Data entries:
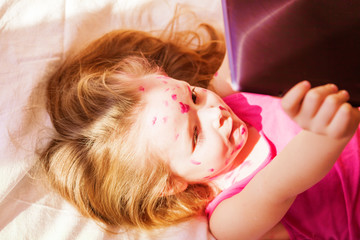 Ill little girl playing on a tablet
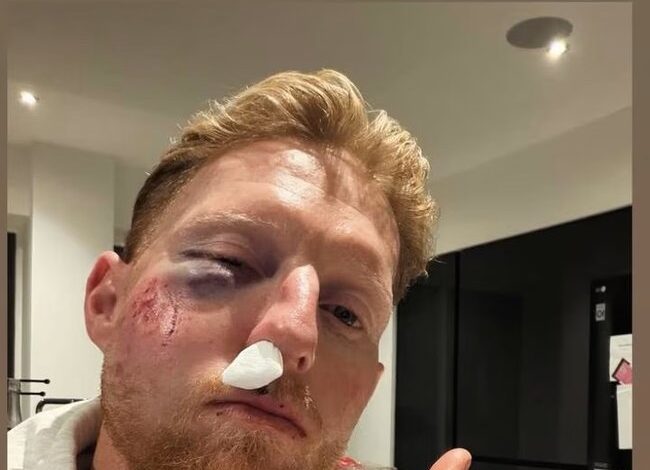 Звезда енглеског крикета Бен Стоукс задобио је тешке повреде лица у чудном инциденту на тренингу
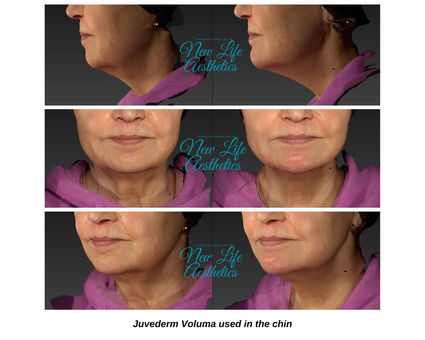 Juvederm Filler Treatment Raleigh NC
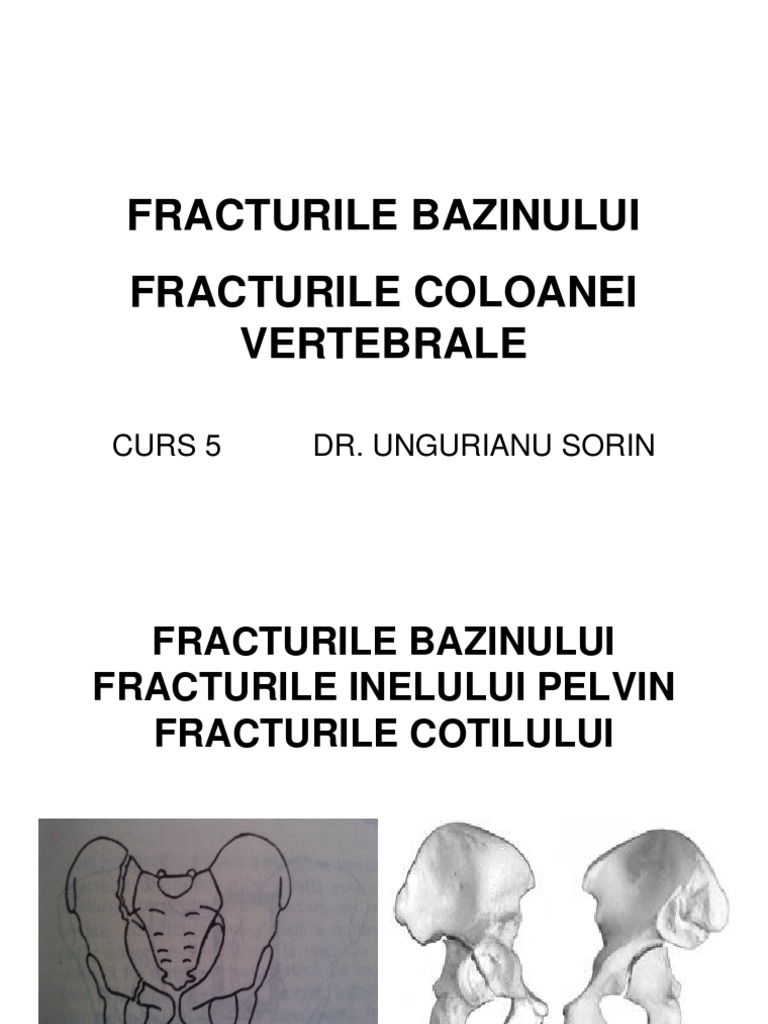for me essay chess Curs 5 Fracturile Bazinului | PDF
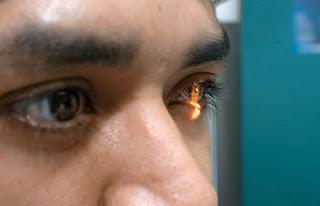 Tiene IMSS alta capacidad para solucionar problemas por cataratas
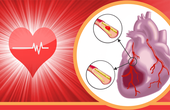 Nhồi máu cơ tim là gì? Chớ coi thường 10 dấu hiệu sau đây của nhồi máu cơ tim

## [WHAT IS BEING ASKED]
From the line that holds "Tiene IMSS alta" to the last line of the records, please copy each line exactly and nothing else. Pictures stay out.

## [EXERCISE RESULT]
 Tiene IMSS alta capacidad para solucionar problemas por cataratas
 Nhồi máu cơ tim là gì? Chớ coi thường 10 dấu hiệu sau đây của nhồi máu cơ tim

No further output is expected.